Pas besoin d’aller militer pour ça, pas besoin de lire les livres, pas besoin de vous refaire une culture irréprochable, le féminisme se vit au quotidien comme un guide de survie dans une société qui nous pousse à l’irrespect, à l’individualisme et à la différenciation d’avec l’autre.
Vous êtes plus que capables de comprendre ce qu’est le féminisme et de l’appliquer dans vos vies sans que ce soit un fardeau ou un facteur culpabilisant. Être féministe c’est croire en l’égalité des chances de chacun pour être son meilleur soi, c’est savoir respecter les limites d’autrui à chaque moment et dans chaque situation. Être féministe ce sont tous les gestes et les mots qui autorisent les femmes – et vous-même – à se sentir libres dans sa vie.
Dans ce cas, je vous invite à être féministe, tous en même temps, conjointement avec les femmes qui vous agacent peut-être avec ça, je vous invite à les écouter attentivement quand elles vous parlent de ce qui les accablent, quand elles expriment du désarroi sur la violence que ce monde abat sur les femmes, quand elles vous disent non et quand elles vous disent oui, je vous invite à ne pas vous braquer, à ouvrir vos esprits et à accepter le changement, car il est absolument certain qu’il vous bénéficiera aussi.
Essayez de ne plus avoir peur de ce mot. FÉMINISME.
Oui, nous parlons des femmes, car ce mot prend sa racine dans la défense d’un groupe social, mais à aucun moment il n’en attaque un autre, aucune de ses ambitions ne tend à enlever quelque chose à qui que soit. FÉMINISME. Il faut vous habituer à le concevoir comme un allié de votre mieux-être, un compagnon dans la compréhension des souffrances de l’autre. FÉMINISME. Lisez-le, digérez-le, prenez le temps qu’il faudra, mais s’il vous plaît, acceptez-le.
Ce mouvement, ainsi que toutes les problématiques qu’il défend, n’est pas votre ennemi, il est votre allié pour une société plus juste, plus égalitaire et plus libre. Il est le berceau de l’émancipation et de la joie retrouvée dans les yeux de millions de femmes qui sortent de conditions de vie à peine supportables tous les jours sous l’emblème du poing levé.

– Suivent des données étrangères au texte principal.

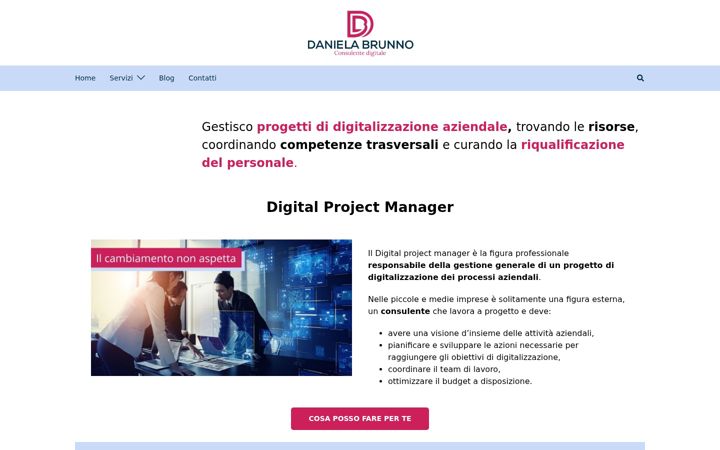 Screenshot di danielabrunno.it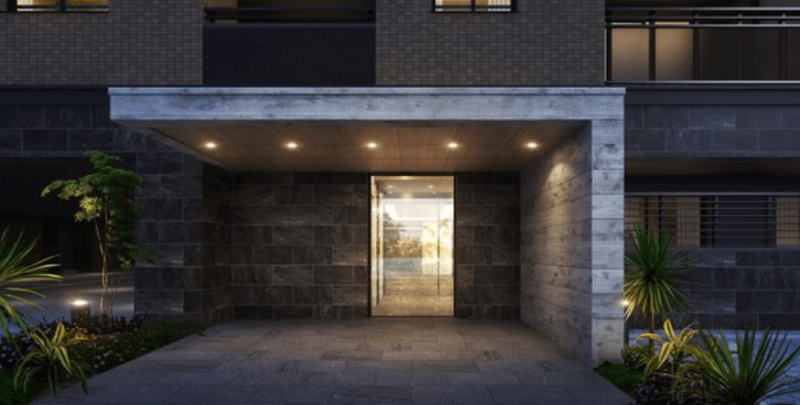 ファイル:オープンレジデンシア桜並木ステーションフロント エントエランスアプローチ完成予想図.png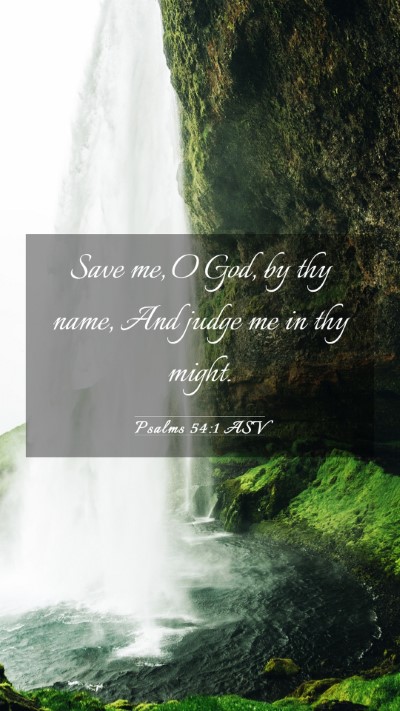 Picture 03 - Psalms 54:1 ASV Mobile Phone Wallpaper - Save me, O God, by thy name, And judge me in thy - Mobile Bible Verse Wallpaper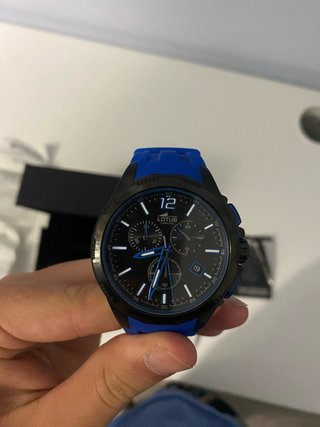 Reloj Lotus Chrono Negro y Azul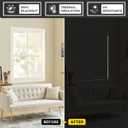 UNISHADES 100% Blackout No Tools No Drill Cordless Roman Shades for Windows, Size 32 3/4" W 60" H (for Windows 33" W 60" H) Blackout - Beige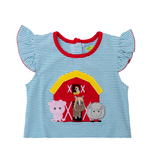 Applique Farm Girl's Romper - 15S23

Le féminisme n’est pas de la colère contre les hommes, c’est de l’espoir pour les femmes, et pour tous ceux qui en ont besoin. Il n’y a d’ailleurs pas qu’une forme de féminisme; chacun est libre de concevoir sa propre définition, tout ce qu’il faut c’est un zeste de bonne volonté, une pincée d’humilité, et une grosse dose d’amour pour l’ensemble de l’humanité.
Nous formons une grande team d’individus et nous avons besoin les uns des autres. Si la moitié de l’humanité se refuse à transformer nos conditions de vie ou à entendre avec bienveillance les constatations problématiques, tout cela prendra beaucoup beaucoup beaucoup de temps. Et le temps, c’est notre bien le plus précieux, il semble assez évident que la plupart d’entre nous préfèreraient le dépenser à chercher le bonheur plutôt que de se débattre constamment pour juste survivre. Si vous avez un tant soit peu d’amour pour votre prochain alors le féminisme devient une évidence.
Les féministes aiment les hommes comme elles aiment les femmes, et nous sommes plus que prêtes à vous accueillir dans la conversation, à vous écouter aussi dans vos questionnements, vos troubles et vos doutes. Nous sommes conscientes que les femmes ne sont pas les seules à subir, alors ceci est un appel à l’échange rempli de positif.
Si tu me lis et que tu es une femme, partage cette lettre aux hommes de ta vie; si tu me lis et que tu es un homme, la même chose s’applique. Nous devons être là-dedans ensemble, un point c’est tout.
Je vous aime, hommes, femmes et tous ceux qui ne se retrouvent pas dans tout ça non plus.